[Records from a data source]
┄┄┄┄┄┄
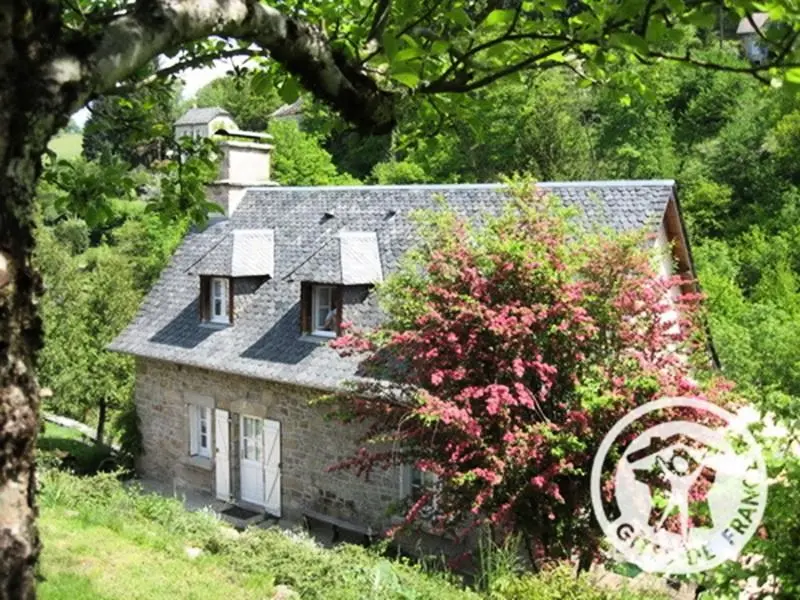 Gîte de France De 3 oren rapiette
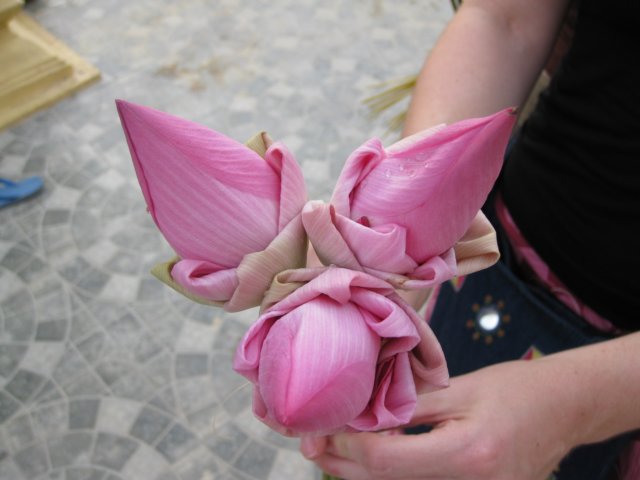 lotusflowers.jpg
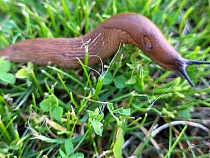 В Янтарном туристка проcкользила к морю по слизнякам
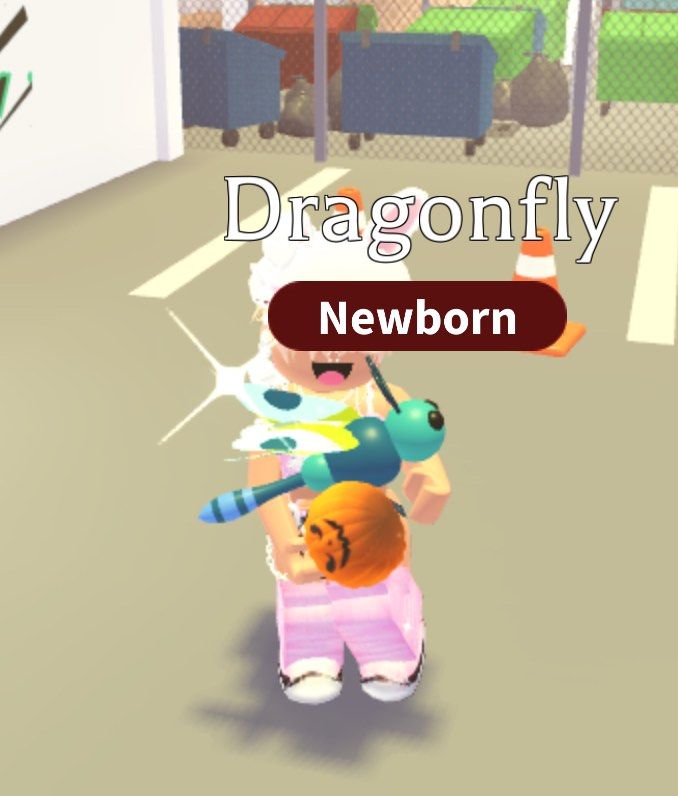 Dragonfly From Adopt Me Roblox Video Gaming Gaming Accessories In Dragonfly From Adopt Me Roblox Video Gaming Gaming Accessories In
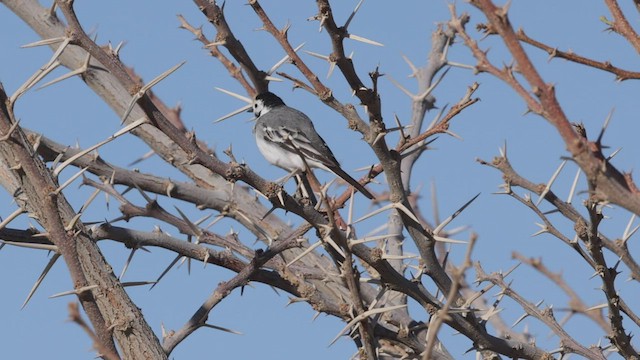 White Wagtail (White-faced) - ML425466331
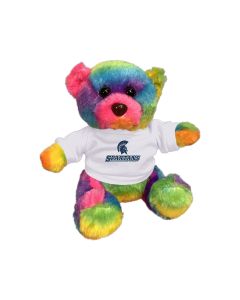 6" Rainbow Bear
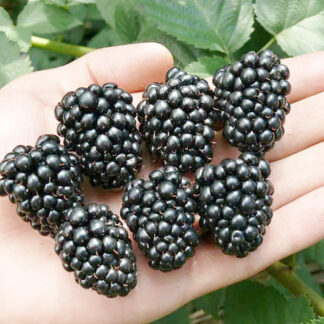 Ежевика Свит Пай 1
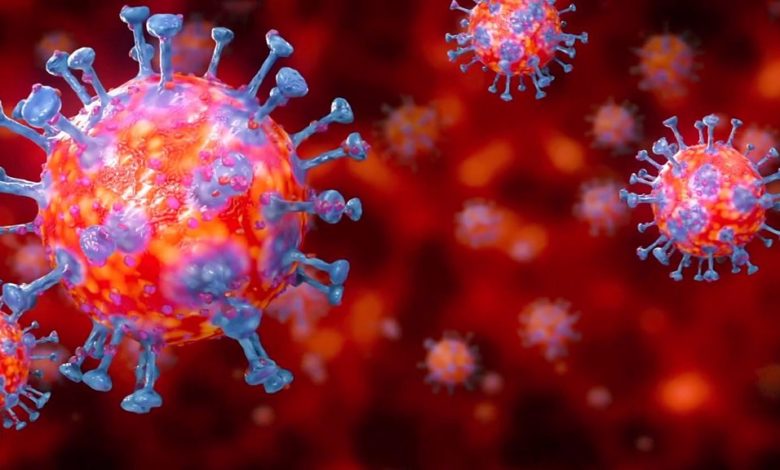 99FBC8DC 8F95 417C 89AE EB3544F28335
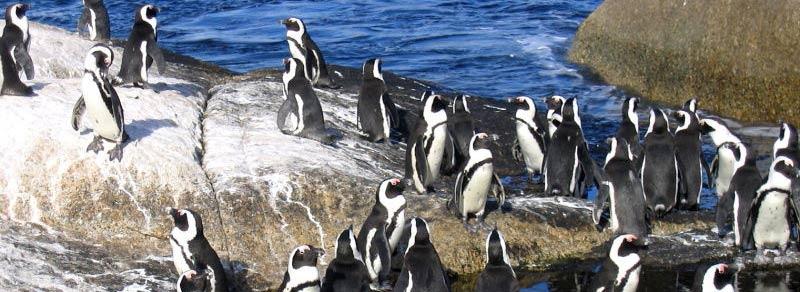 african penguin colony cape peninsular south africa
┄┄┄┄┄┄
Pictures stay out; the records above are otherwise reproduced exactly.

Task result -
 Gîte de France De 3 oren rapiette
 lotusflowers.jpg
 В Янтарном туристка проcкользила к морю по слизнякам
 Dragonfly From Adopt Me Roblox Video Gaming Gaming Accessories In Dragonfly From Adopt Me Roblox Video Gaming Gaming Accessories In
 White Wagtail (White-faced) - ML425466331
 6" Rainbow Bear
 Ежевика Свит Пай 1
 99FBC8DC 8F95 417C 89AE EB3544F28335
 african penguin colony cape peninsular south africa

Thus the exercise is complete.